Originally by Sami on April 22, 2020:
Their report says that it has found 6 main targets for the attack ranging from telecommunication companies employees in the US, Japan, Israel, and others. Despite finding the attack, they have not been able to look at the code itself, but what is the hack?
Typical email attacks require users to download a file, click a link and visit a website, this one just requires the user to open the email, once the email is opened, it’s deleted. Right now, if you are on the latest iOS beta, you are safe as it seems to patch the exploit, but the latest public release does not seem to fix it. It’s no surprise its been fixed in the latest beta, Apple offers upwards of $1.5 million for people who found issues in their system pertaining to security allowing the company to fix these things quicker.
Updated by Ethan H on April 23, 2020:
Yesterday, cybersecurity group ZecOps announced their discovery of a vulnerability that allows hackers to access an iPhone through the stock Mail app.
Now, jailbreakers are starting to realize that they are most at risk due to staying on lower firmware as this vulnerability is very relevant on lower firmware as every version of iOS is currently vulnerable starting all the way from iOS up to the latest public release.
Apple did patch this vulnerability in the latest iOS 13.4.5 beta.
So you’re probably saying “Well, what does this mean for jailbreakers & those with phones that are no longer supported?”
Your best bet is more than likely to just delete the stock mail app all-together.

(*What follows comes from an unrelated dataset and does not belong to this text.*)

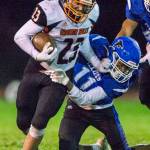 Granite Falls Gio Gonzalez grabs the face mask of South Whidbeys Prince Browne as he tries to escape a tackle during the game on Friday, Oct. 29, 2021 in Langley, Wa. (Olivia Vanni / The Herald)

Even though to be attacked by this vulnerability you have to actually open the email that contains it, it’s best to completely stay away from the app.
Also, we don’t know much on at what level this vulnerability can be used at, as stated by TARDISinScarlet on Reddit:
“Since no one is talking about this, this exploit only allows a hacker access to your emails. they say they suspect that paired with another exploit, this could possibly allow full kernel access, but this is entirely speculative and completely unconfirmed. quite frankly, if what they suggest was possible, its Very unlikely that you would be targeted by anyone with knowledge of this secret second exploit (or the first one until their POCs are released, for that matter).”
As far as we know, this only gives access to your emails but paired with other exploits, we don’t know how powerful it can be without seeing a POC.